Exercise brief —
Print all the data below exactly, without images.

Data segment —

· · · · ·

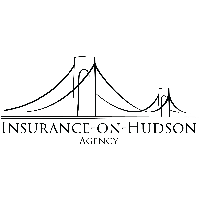 Insurance On Hudson Agency, LLC
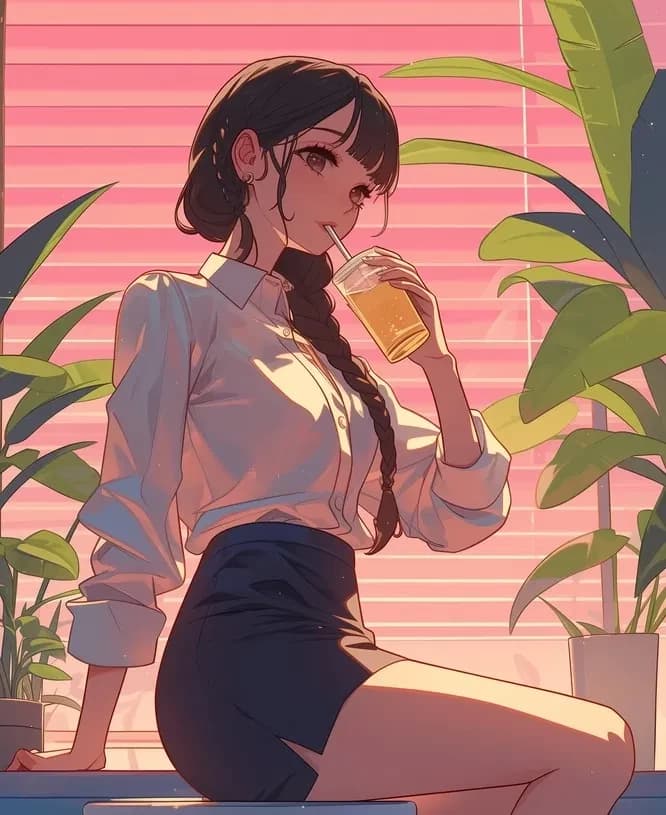 Lydia thumbnail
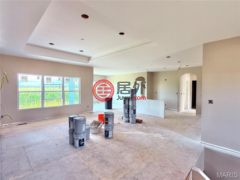 美国伊利诺伊州格伦卡本的独栋别墅，3135 Ashley Drive，编号77914485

· · · · ·

Result of this exercise —
 Insurance On Hudson Agency, LLC
 Lydia thumbnail
 美国伊利诺伊州格伦卡本的独栋别墅，3135 Ashley Drive，编号77914485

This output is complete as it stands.